TORONTO, ON—(Marketwired – July 02, 2015) – Delavaco Residential Properties Corp. (“Delavaco” or the “Company”) (TSX VENTURE: DVO.U) (OTCQX: DELAF) is pleased to provide the following update.

Possible Transaction

As reported on April 15, 2015, the Company had entered into discussions regarding a possible transaction to acquire a controlling interest in the Company. The Board of Directors (the “Board”) had previously established a special committee of the Board (“Special Committee”) comprised of two independent directors, Messrs. Michael Serruya and Romeo DeGasperis, to review and consider proposals in respect of such a possible transaction. The Special Committee completed the mandate and made its recommendation to the Board and the Board unanimously concluded that the Company will no longer pursue any such possible transaction and that the mandate of the Special Committee has been completed.

Change of Management and Board of Directors

The Company would like announce that Andrew DeFrancesco, Chairman of the Board and Chief Executive Officer (“CEO”), has resigned as CEO effective immediately and relinquished his position as Chairman. Mr. DeFrancesco will continue on the Board to serve as a director. There is no termination fee associated with Mr. DeFrancesco's departure. The Company would like to express its sincere thanks to Mr. DeFrancesco for his commitment to date and the Board looks forward to continuing this relationship through his directorship.

The Board will temporarily leave the CEO position unfilled. The Compensation and Governance Committee, comprised of Messrs. Michael Serruya (Chairman), Kelly Hanczyk and Marc Muzzo, have recommended, and the Board has unanimously approved Mr. Keith Ray, a current independent director, to assume the role of Interim Chairman. At the operational level, Mr. Jorge Aldecoa, currently Senior Asset Manager, will be promoted into the role of Interim Chief Operating Officer and will report directly to the Board.

Mr. Ray has been a member of the Board since helping take the Company public in January, 2014 and shall remain Chairman of the Audit Committee. Mr. Ray carries a breadth of experience in various private and public real estate companies, including both private and public real estate investment trusts and currently acts as a director of two other Canadian listed reporting issuers, Firm Capital Mortgage Investment Corporation, listed on the TSX, and Cliffside Capital Ltd, listed on the TSX–V. For 27 years until his retirement in 2007, Mr. Ray was a Chartered Professional Accountant and partner at KPMG LLP and a KPMG LLP predecessor firm where he served as audit partner and relationship partner for a wide variety of public and private companies, mostly in the real estate industry.
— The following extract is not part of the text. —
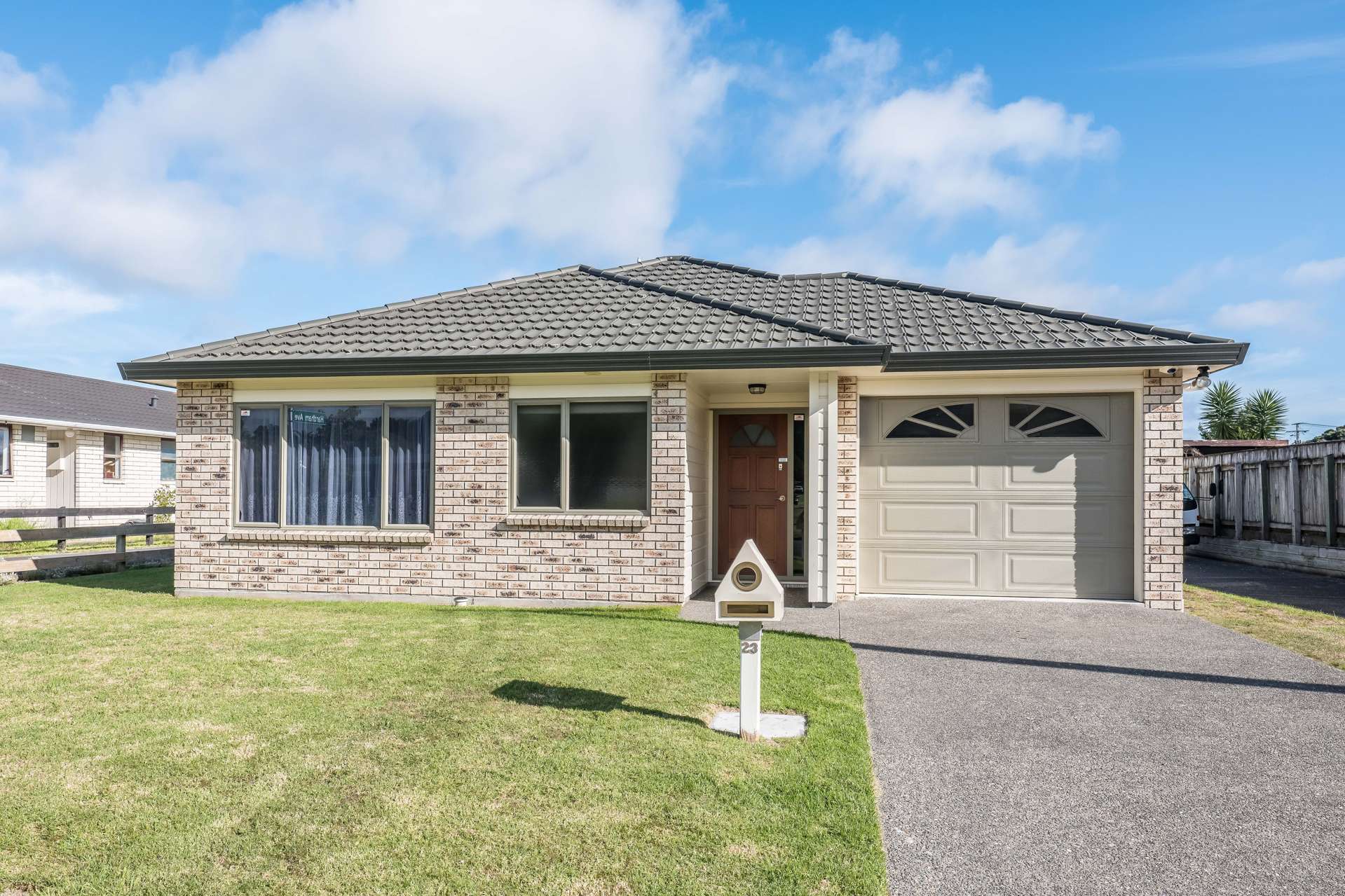 23 Warrimoo Street Paraparaumu_0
Mr. Aldecoa has more than 10 years of experience in residential and commercial asset management. Mr. Aldecoa's most recent positions include Regional Vice President of Invitation Homes, a single–family homes operator in the United States with over 45,000 rentals nationwide. In this role, Mr. Aldecoa was instrumental in developing the framework for property management. Mr. Aldecoa also acted as Regional Director, Single–Family Residential/Commercial services for FirstService Residential Realty, LLC where he assisted in the re–development and implementation of a new business segment focused on the single–family homes asset space. Mr. Aldecoa was recruited by the Company in November, 2014 and has brought a wealth of knowledge and structure to the organization. Mr. Aldecoa is an accredited commercial manager, Florida licensed real estate broker and certified apartment manager.

The Board is pleased to add Messrs. Ray and Aldecoa to these interim roles.

Operational Updates

Related Party Loan and Managing Park Colony:

As reported in the Company's first quarter 2015 consolidated results, Mr. DeFrancesco was provided two separate advances in the amounts of approximately $4.3M and $789K in the form of promissory notes bearing interest at a rate of 7.00% per annum, maturing on December 30, 2015 (the “Notes”). The $4.3M Note is dated December 30, 2013 while the $789K Note is dated May 25, 2015. Both Notes resulted from the Company's previous intention to purchase from Mr. DeFrancesco a 316 door multi–family residential unit asset located within the Park Colony Apartment Homes in Hollywood FL (the “Park Colony Property”); a property currently third party managed by GREP Southeast, LLC (“Greystar”).

The Company has determined that it no longer desires to purchase this asset and as such the parties have agreed to amend the repayment terms of the Notes by collecting from Mr. DeFrancesco in stages over the duration of the term of the Notes commencing immediately. As of the date of this press release, $200,000 has been repaid under these Notes. Mr. DeFrancesco has provided the Company with security for such indebtedness that will remain in place until the debt has been repaid. The Company and Mr. DeFrancesco have also agreed to amend the $789K Note such that the interest accrued and payable shall commence on the date it was originally funded being October 28, 2013, removing an initial interest free period originally contemplated. The proceeds shall be directed towards working capital.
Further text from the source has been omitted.